On many occasions, they abandoned the one thing that any record label or music expert would surely see as the ultimate must-have for a hit – a chorus.

There are plenty of songs in their discography without one – ‘A Day In The Life’, the entirety of the Abbey Road medley basically has no chorus, all of their weirder tracks like ‘Revolution 9’ obviously don’t.

In some cases, it’s hard to pin down what a chorus is or isn’t. A lot of their songs have a central line that seems to act as a chorus, returning to the same idea or theme at the end of each verse in place of a solid, block section. Take for example ‘In My Life’, there’s no chorus, but the return to the slightly altering phrase “in my life, I love you more”, basically acts as one.

It makes the question a little blurry, but the fact is clear – The Beatles needed no formula to top the charts. 

Which Beatles songs went to number one without a chorus?

The problem here is the matter of what qualifies as a chorus and what doesn’t.

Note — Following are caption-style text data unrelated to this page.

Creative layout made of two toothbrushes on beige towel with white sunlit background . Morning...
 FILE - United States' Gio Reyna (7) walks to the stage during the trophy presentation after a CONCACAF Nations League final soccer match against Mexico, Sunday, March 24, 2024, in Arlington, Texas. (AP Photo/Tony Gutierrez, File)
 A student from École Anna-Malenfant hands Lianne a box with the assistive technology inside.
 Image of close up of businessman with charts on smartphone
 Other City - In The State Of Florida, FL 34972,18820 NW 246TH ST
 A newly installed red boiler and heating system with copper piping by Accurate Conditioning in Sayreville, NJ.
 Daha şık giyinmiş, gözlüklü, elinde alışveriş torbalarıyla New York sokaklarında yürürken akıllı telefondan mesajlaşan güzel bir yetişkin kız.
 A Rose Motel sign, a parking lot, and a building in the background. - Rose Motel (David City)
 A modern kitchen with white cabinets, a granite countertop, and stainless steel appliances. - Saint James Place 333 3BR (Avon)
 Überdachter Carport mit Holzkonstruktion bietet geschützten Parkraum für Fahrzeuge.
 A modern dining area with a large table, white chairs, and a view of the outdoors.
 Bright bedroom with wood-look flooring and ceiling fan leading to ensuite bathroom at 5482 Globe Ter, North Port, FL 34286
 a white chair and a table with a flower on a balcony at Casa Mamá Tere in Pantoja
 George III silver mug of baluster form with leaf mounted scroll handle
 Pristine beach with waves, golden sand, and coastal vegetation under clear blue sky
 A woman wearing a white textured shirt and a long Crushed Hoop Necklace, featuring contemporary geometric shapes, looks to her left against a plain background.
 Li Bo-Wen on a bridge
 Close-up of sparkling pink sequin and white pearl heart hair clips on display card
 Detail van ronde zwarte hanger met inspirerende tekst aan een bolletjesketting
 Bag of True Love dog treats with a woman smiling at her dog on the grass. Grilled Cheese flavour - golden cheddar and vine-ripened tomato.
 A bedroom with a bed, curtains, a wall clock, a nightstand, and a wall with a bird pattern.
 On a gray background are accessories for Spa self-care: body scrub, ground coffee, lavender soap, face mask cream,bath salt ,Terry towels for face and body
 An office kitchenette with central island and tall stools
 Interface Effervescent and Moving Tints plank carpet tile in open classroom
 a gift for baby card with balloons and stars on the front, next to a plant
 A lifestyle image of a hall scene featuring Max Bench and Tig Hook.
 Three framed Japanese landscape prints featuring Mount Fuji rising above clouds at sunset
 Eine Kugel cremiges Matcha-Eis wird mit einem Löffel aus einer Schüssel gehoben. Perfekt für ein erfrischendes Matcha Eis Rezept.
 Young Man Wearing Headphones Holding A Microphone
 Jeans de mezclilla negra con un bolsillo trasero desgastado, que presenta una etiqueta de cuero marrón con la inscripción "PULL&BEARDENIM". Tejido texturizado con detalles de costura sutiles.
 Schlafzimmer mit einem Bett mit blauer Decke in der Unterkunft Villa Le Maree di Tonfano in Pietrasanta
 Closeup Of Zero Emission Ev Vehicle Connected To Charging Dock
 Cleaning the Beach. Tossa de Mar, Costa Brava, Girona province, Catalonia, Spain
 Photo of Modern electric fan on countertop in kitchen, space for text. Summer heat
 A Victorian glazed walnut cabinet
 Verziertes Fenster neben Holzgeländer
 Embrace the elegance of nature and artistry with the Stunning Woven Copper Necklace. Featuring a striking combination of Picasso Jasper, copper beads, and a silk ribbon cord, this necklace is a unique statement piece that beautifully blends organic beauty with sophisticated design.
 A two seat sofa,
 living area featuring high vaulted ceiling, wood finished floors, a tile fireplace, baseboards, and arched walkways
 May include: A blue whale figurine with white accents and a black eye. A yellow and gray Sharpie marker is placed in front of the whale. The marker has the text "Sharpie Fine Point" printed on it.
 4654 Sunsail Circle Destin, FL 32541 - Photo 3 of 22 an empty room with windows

‘Paperback Writer’, the band’s 1966 number one, has no explicit written chorus, but the refrain of the titular lyric stands in for one. It’s a similar story for ‘Eleanor Rigby’ where the echoing calls of “All the lonely people, Where do they all come from?” don’t feel like a traditional chorus in the way the band used to write them, but in the August 1966 number one, it definitely acts as one. 

The only clear number one The Beatles ever got without a clear chorus is ‘Hey Jude’, coming in March 1968. It’s easy to forget that the track doesn’t have a central, grounding chorus because that finale of the “na na nas” basically serves the same purpose, giving the crowd a big sing-along moment.

But as for the song itself, before that, there is no chorus beyond the phrase “hey Jude” that comes at the start of every verse. Providing enough repetition to hook listeners in and still have that earworm effect, it’s a perfect example of Paul McCartney understanding how to get the job done, without doing it in the typical old way.